Ken Roth Conflates Aiding/Abetting with Ordering and Instigation
I am a huge fan of Human Rights Watch’s Ken Roth, but his description of the specific-direction requirement in yesterday’s New York Times is not simply misleading, it’s flat-out wrong. Here are the relevant paragraphs of his op-ed (emphasis mine):
Aiding-and-abetting liability has long been understood to require proof beyond a reasonable doubt that the accused knew that his conduct had a substantial likelihood of aiding a crime and that the aid had a substantial effect. In its waning days, however, the tribunal has seized on cursory references in earlier cases to require a third element — that the accused “specifically directed” the crime.
This makes little practical sense. Officials who want to facilitate mass atrocities are rarely so dumb as to give explicit orders. Rather, they tend to proceed by indirection, giving aid to a criminal enterprise that is already in motion.
The danger of the Perisic precedent is not merely theoretical. It could affect a separate tribunal that is considering whether to uphold the conviction of former President Charles Taylor of Liberia, who was convicted of aiding and abetting atrocities by Sierra Leone rebels. And the ruling undermines the ability of international criminal law to deter other leaders from similar murderous assistance — so long as they refrain from specifically directing the crimes that they assist. Russia’s and Iran’s assistance to Syria comes to mind.
The Yugoslav tribunal still has an opportunity to correct this damaging new doctrine. A separate panel of tribunal judges is considering a case against other officials charged with aiding and abetting atrocities from a distance. The tribunal should affirm — as other panels have done — that the accused does not have to give specific directions to commit crimes to be held criminally liable for aiding and abetting.
These statements fundamentally conflate aiding-and-abetting with two very different modes of participation: ordering and instigating. A perpetrator is guilty of ordering a crime when he instructs another person to commit that crime either intending it to be committed or knowing that there is a substantial likelihood it will be committed. A perpetrator is guilty of instigating a crime when he prompts another person to commit that crime either intending it to be committed or knowing that there is a substantial likelihood it will be committed. (The difference between the two is the status of the perpetrator: to be guilty of ordering, a perpetrator must have either informal or formal authority over the person he instructs to commit a crime). Aiding and abetting, by contrast, requires neither instruction nor prompting by the perpetrator. It simply requires a perpetrator provide assistance to another person knowing that the person will use the assistance to commit a crime.

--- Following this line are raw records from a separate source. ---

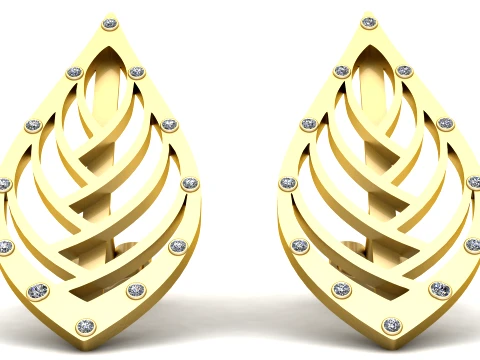 Luxury Golden Diamond Marquise Stud Earrings 3D Model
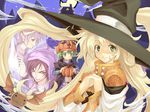  2girls blonde_hair copyright_request green_eyes halloween hat jack-o'-lantern kabocha_(monkey4) long_hair multiple_boys multiple_girls pumpkin pumpkin_hat smile very_long_hair witch_hat 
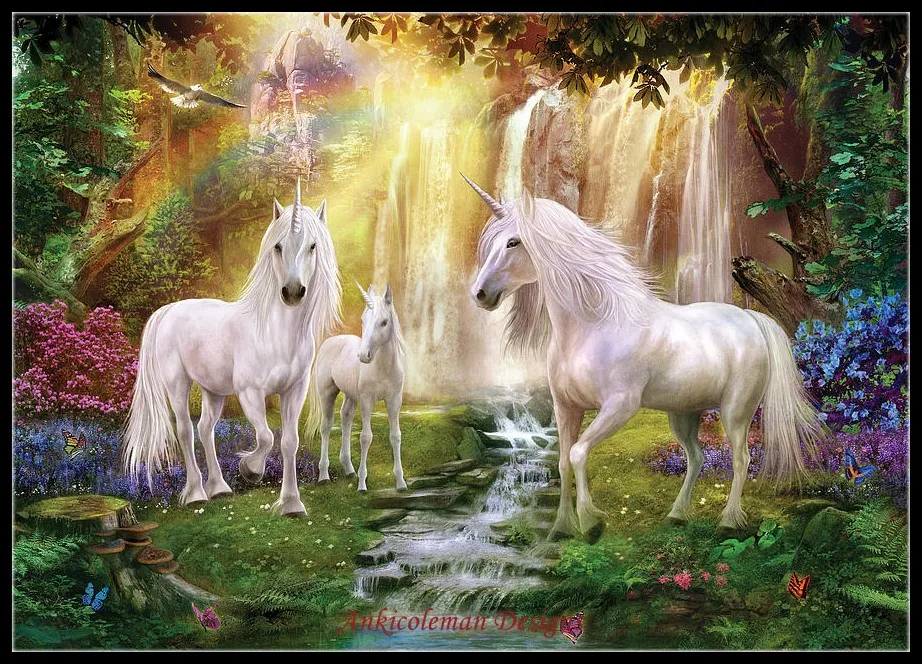 

Needlework for embroidery DIY French DMC High Quality - Counted Cross Stitch Kits 14 ct Oil painting - Unicorns at Waterfall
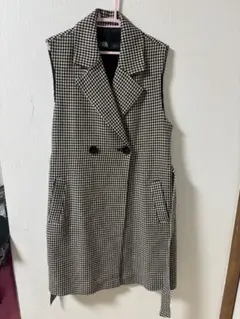 ZARA チェック柄 ダブルブレスト ベスト M
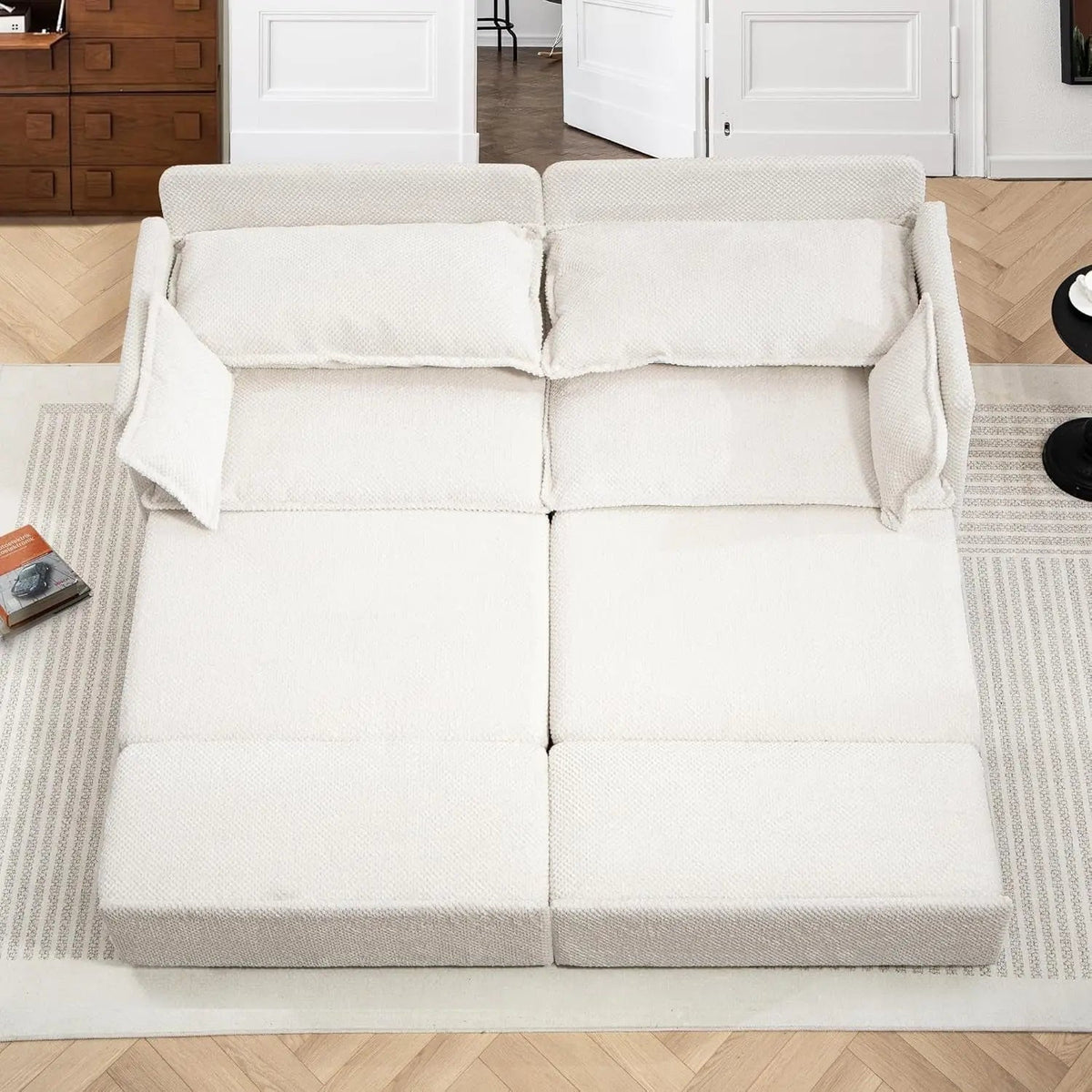 Convertible King Sofa Bed with USB Charging and Pockets - Get it from Bo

I have no idea why Ken claims that the Appeals Chamber’s adoption of the “specific direction” requirement in Perisic requires a perpetrator to “give specific directions” to another person in order to be guilty of aiding and abetting a crime. It does nothing of the kind. Perisic does not say that a perpetrator must specifically direct a crime; it says that a perpetrator must specifically direct his assistance toward a crime. That is a fundamental difference — a perpetrator can aid and abet a crime without having any direct (or indirect) communication whatsoever with the person who actually commits it. The prosecution must simply prove — in terms of actus reus — that the perpetrator specifically directed his assistance toward the commission of a crime and that the assistance had a substantial effect on the commission of that crime.
Reasonable people can disagree about the wisdom of the specific-direction requirement. Productive debate is impossible, however, when critics of the requirement claim that Perisic fundamentally transformed the nature of aiding and abetting. It did not.